I did not know that the first female South African airline pilot has been residing in Deep Cove since 1979.
Kucki Low was born in Austria, and moved with her family when she was seven years old to South West Africa, now called Namibia.
By the time Kucki (pronounced “cook-ee”) was 19 she had suffered two personal tragedies, the sudden death of her mother and her father’s death two years later. When she was 15 due to her father’s illness, she had to leave school to help run their photography business.
Her mother passed away when she was 17 and within two years of that her father passed away, having had his second heart attack. Suddenly she was on her own. At that point in her life she never even considered flying as a possible career.
But that all changed when, by chance, she had the opportunity to shoot a late-afternoon coastal sunset from the passenger seat of a small Piper 140 aircraft which ignited her passion for flying.
She was hooked and determined to learn to fly. Once she had her private pilot licence she decided to go for her commercial licence so she could get paid for what she loved to do — to fly.
She took a whole year of home study and had no trouble passing the practical, but was devastated when she failed the written exam for the commercial licence. At that time friends suggested she not worry about that failure, because she was, after all, a photographer.
But she persevered, rewrote the exam and was thrilled to pass and get her commercial pilot’s licence. She felt that joy and used the memory of it in everything she has accomplished since.
In 1970 she became South Africa’s first female flight instructor. In 1973 after working as a flight instructor for three years, she was offered a job as a pilot with Namaqualand Airways, an airline operating out of Cape Town, South Africa, with the condition that they could run a survey on their schedule for three months to see what the response of passengers would be to a female pilot.
Things were different in the 1970s. Passengers were asked to fill out a questionnaire when they checked in for the schedule of the day. The questionnaire enquired:
If you were booking in, and your pilot for the flight was a female, would you:
1. Be happy assuming that if the company had hired her, she was as qualified and competent as any of the male pilots?
2. Be nervous and would have preferred a male pilot?
3. Refuse to fly?
4. Other comments
Of all the questionnaires that were returned, all except one indicated that the passenger would be OK with a female pilot. The one exception was a man who said: “I would never fly with a woman. A woman’s job is in the kitchen.”

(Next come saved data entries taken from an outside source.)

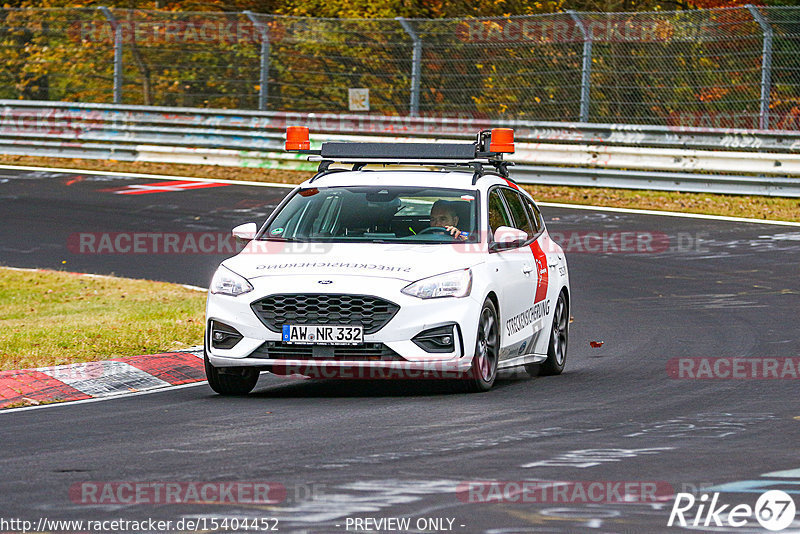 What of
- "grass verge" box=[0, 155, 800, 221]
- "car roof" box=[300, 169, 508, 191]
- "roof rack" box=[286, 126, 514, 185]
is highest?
"roof rack" box=[286, 126, 514, 185]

For Kucki this positive outcome was a defining moment. Namaqualand Airways concluded that the risk of employing her was small compared with the possible upside and publicity, and she was hired.
She flew for nine years before leaving to move to Canada with her husband and son. She overcame the odds and refused to give up, she persevered when she didn’t at first succeed and now she is encouraging everyone to do the same.
She firmly believes: “You are never given a dream without also having the ability to achieve it.”
In spite of minimal education and English not being her first language, and after her son’s urging, Kucki wrote a book that will lift anyone’s spirits. In writing her book she relived all her tragedies and triumphs and was able to look back to see how each moment led her to where she is today.
Kucki is now a sought-after inspirational speaker, with her program, Finding Your Flight Path: Living Your Life with Passion and Purpose and author of her biography This is Kucki Your Pilot Speaking.